The Autobiography of Alice B. Toklas by Gertrude Stein and The Alice B. Toklas Cook Book by Alice B. Toklas -- I like to think of these two books as volumes one and two of a memoir. Volume one is chatty, gossipy, and often just plain daft. As for volume two, I first went through its pages to find a hash brownie recipe (turned out to be a "haschich fudge") and found instead the Indochinese cooks who became the inspiration for The Book of Salt. I love you, Alice B. Toklas!
The Bluest Eye by Toni Morrison -- Visceral and tragic, this is the novel that taught me the most significant lessons that I learned in college about writing.
Poet in New York by Federico García Lorca -- If I was granted fluency in Spanish for only one day (this is one of my recurring fantasies), I would spend the whole of it reading Lorca. I read this collection in the fall of 2000, when I was living in a small town in Andalusia for a month. There, I saw New York City through Lorca's words and Andalusia through Lorca's longing for it.
Serve It Forth by M.F.K. Fisher -- Fisher, who is arguably the best food writer that the U.S. has ever produced, writes in one of her essays, "Almost every person has something secret he likes to eat." I won't reveal what hers is, but it involves Paris, a citrus fruit, and a radiator.
Autobiography of Red by Anne Carson -- Reading this novel, a reimagining of a Greek myth, is like walking on the blade of a knife. Exquisite because it required so much skill to write, dangerous because it is drawing blood, beautiful because it is not a blade at all but words in the hands of a master.
The Woman Warrior by Maxine Hong Kingston -- From its very first line ("You must not tell anyone," my mother said, "what I am about to tell you."), this book goes for the jugular. Asian America has never been the same.
What are some of your favorite films, and what makes them unforgettable to you? Lolita -- I like to think of this film as an immigrant story. For me, that makes it a doubly interesting and subversive narrative. Peter Sellers is also at the height of his comic powers here. He is sly, smart, and also weirdly sexy.
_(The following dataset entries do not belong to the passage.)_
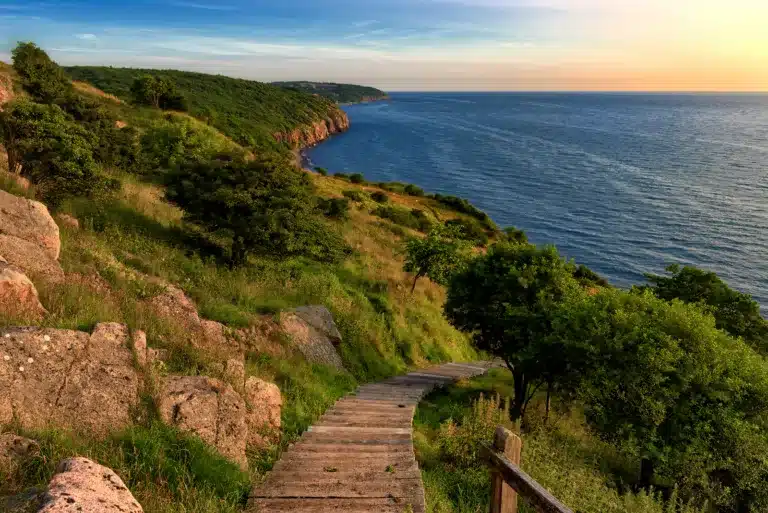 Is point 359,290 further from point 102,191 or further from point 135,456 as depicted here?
point 135,456

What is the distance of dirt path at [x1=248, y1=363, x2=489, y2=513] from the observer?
20.5 feet

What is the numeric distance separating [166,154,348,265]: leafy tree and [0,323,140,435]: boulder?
8.80 meters

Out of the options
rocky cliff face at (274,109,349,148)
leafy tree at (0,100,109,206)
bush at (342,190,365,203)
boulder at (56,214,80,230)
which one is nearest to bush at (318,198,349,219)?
bush at (342,190,365,203)

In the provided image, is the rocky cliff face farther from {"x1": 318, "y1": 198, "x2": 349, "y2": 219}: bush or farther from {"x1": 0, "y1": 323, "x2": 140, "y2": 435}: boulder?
{"x1": 0, "y1": 323, "x2": 140, "y2": 435}: boulder

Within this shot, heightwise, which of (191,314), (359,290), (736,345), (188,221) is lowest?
(359,290)

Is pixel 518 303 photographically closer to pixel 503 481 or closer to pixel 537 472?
pixel 537 472

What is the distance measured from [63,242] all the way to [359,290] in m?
13.5

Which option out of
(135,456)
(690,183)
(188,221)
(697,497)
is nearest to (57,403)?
(135,456)

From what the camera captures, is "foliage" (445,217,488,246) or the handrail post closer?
the handrail post

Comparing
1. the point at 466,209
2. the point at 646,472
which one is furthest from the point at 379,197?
the point at 646,472

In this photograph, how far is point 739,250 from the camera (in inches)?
2115

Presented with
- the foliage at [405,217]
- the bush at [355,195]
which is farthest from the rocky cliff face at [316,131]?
the foliage at [405,217]

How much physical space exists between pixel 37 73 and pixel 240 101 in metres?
99.3

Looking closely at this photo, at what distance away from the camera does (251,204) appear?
15352mm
Who's Afraid of Virginia Woolf? -- This is the best horror flick ever made. The dialogue is perfect in its mercilessness.
The Scent of Green Papaya -- This is not so much a film but a series of remembered images captured on film. This is what my childhood memories of Vietnam look like, not so much the specific images but rather the micro attention to the details of an everyday world that is now lost.
Dazed and Confused -- An elegy to the state of Texas, high school years, newspaper geeks, and homoerotic/Sapphic rituals conceived of and implemented by jocks and cheerleaders. It is also has the best role that Mathew McConaughey has ever been in.
What types of music do you like? Is there any particular kind you like to listen to when you're writing?
I listen to a lot of alternative rock and its predecessors (Velvet Underground, T. Rex, Big Star, the Replacements, Luna, Teenage Fan Club, Wilco, the Boo Radleys, the Trash Can Sinatras, My Morning Jacket, Cake, Weezer, Radiohead, Doves, Interpol, Franz Ferdinand, etc.).
I also tend to like music with smart or witty lyrics -- most songs written by Elvis Costello, for example. I listen to music all the time, actually. Only when I'm depressed is it silent in my house. When I write, I usually have to write to music without lyrics, though. For The Book of Salt, I wrote to early Miles Davis, Thelonious Monk, and recordings of compositions by Erik Satie and Virgil Thompson.
If you had a book club, what would it be reading -- and why?
The Confessions of Max Tivoli by Andrew Sean Greer. I haven't read Greer's latest novel yet and am intrigued to see how he handles the narrative's primary conceit: his main character, born an old man, ages in reverse, growing younger with each passing year.
What are your favorite kinds of books to give -- and get -- as gifts?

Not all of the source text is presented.